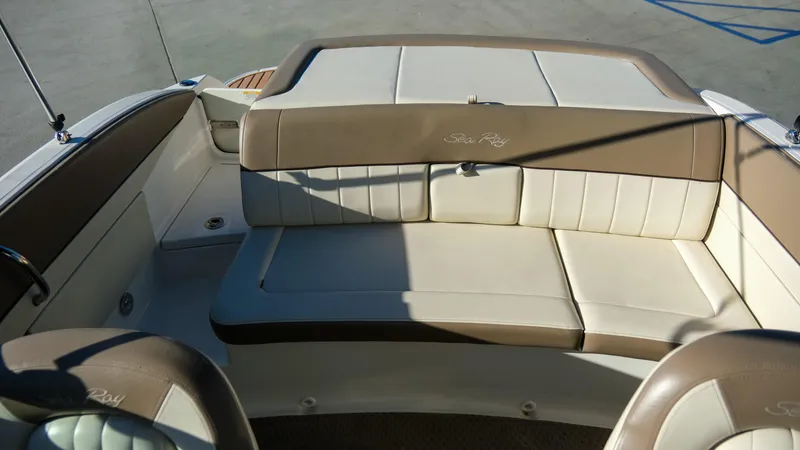 Slide: The Image of 2013 Sea Ray 210 SLX boat interior with beige seating. - 16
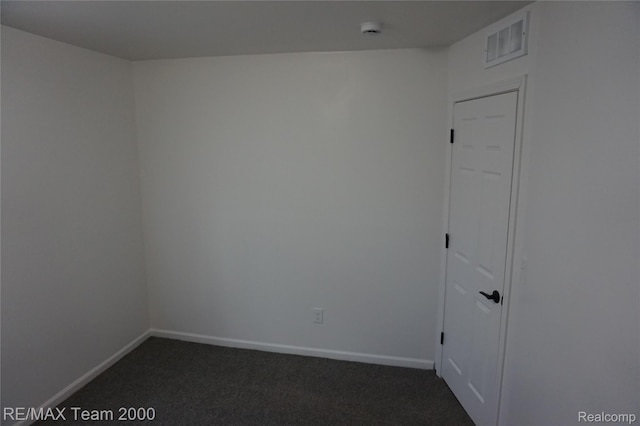 26017 Stanford St, Inkster, MI 48141 - unfurnished room with dark colored carpet, baseboards, and a smoke detector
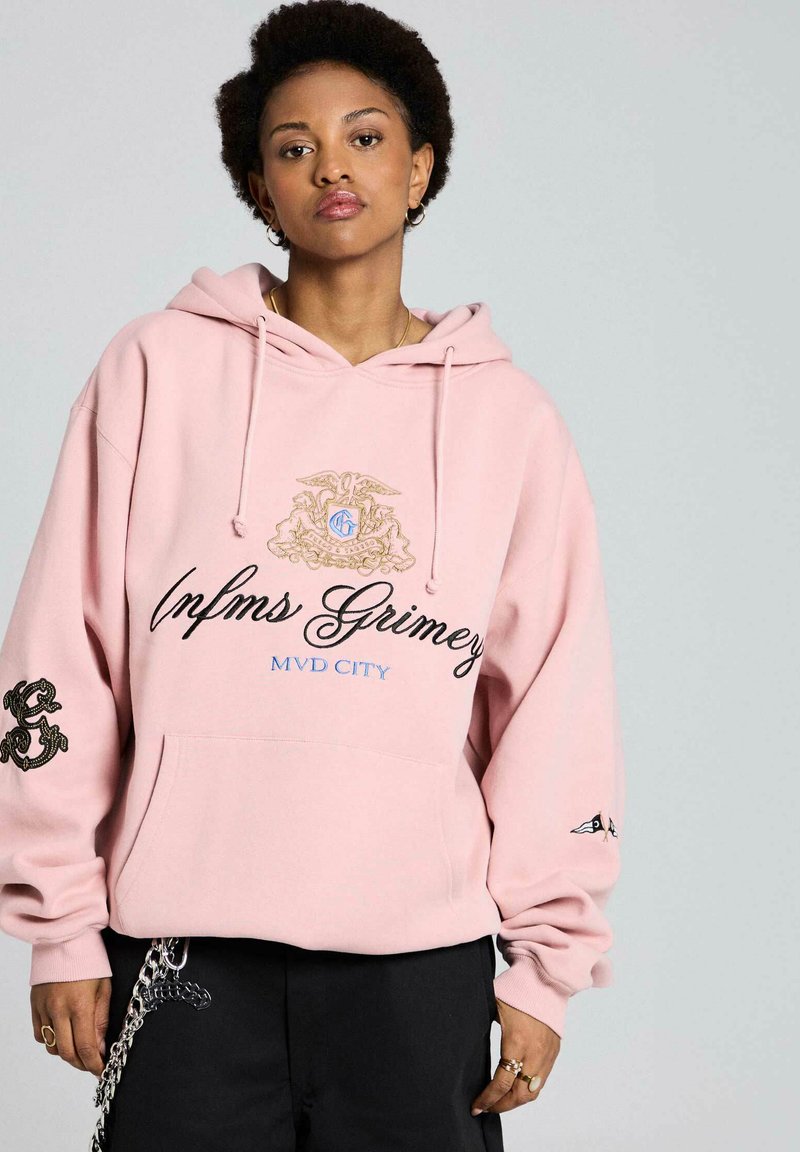 Joven con sudadera con capucha rosa con texto y diseños "Infms Grimey MVD City", combinada con pantalones negros y accesorio de cadena.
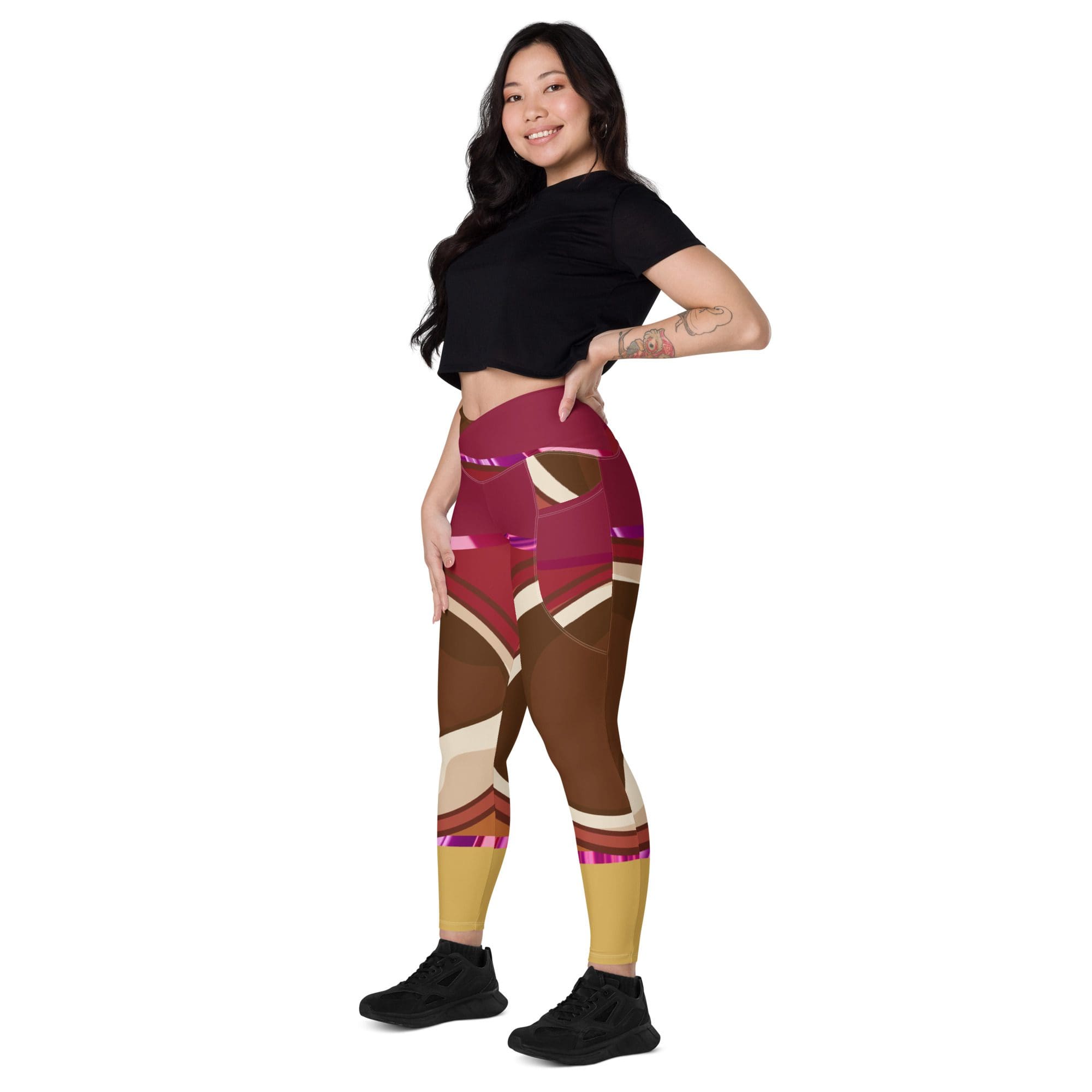Woman wearing colorful leggings, black top smiling.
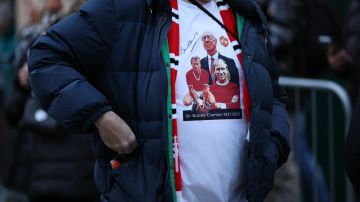 Un hincha viste una camiseta en honor a Sir Bobby Charlton.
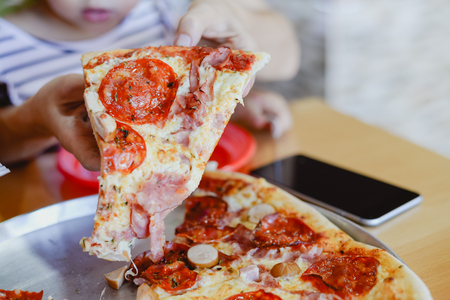 Closeup of people eat and work. Hands, sliced pizza and using smartphone on restaurant table background. Communication, friendship leisure lifestyleの写真素材
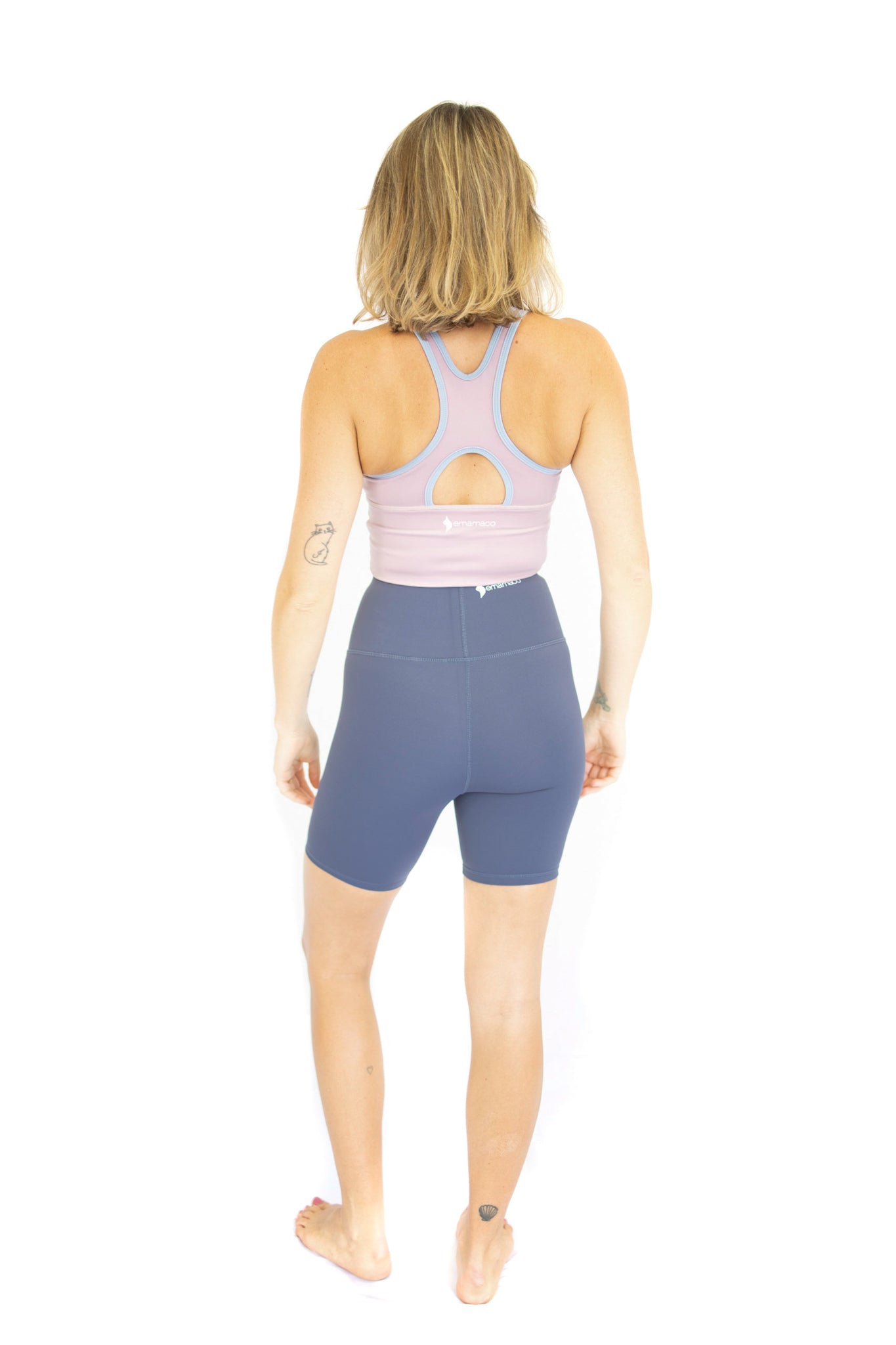 Woman in lavender sports bra and blue shorts showcasing Shaper Move Shorts on final sale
────────────────────
● **Assignment**:
In the listing above, find the line with "26017 Stanford St, Inkster, MI" and the line with "Un hincha viste". Copy exactly those two and every line between, without the pictures.

● **Response to this exercise**:
 26017 Stanford St, Inkster, MI 48141 - unfurnished room with dark colored carpet, baseboards, and a smoke detector
 Joven con sudadera con capucha rosa con texto y diseños "Infms Grimey MVD City", combinada con pantalones negros y accesorio de cadena.
Woman wearing colorful leggings, black top smiling.
 Un hincha viste una camiseta en honor a Sir Bobby Charlton.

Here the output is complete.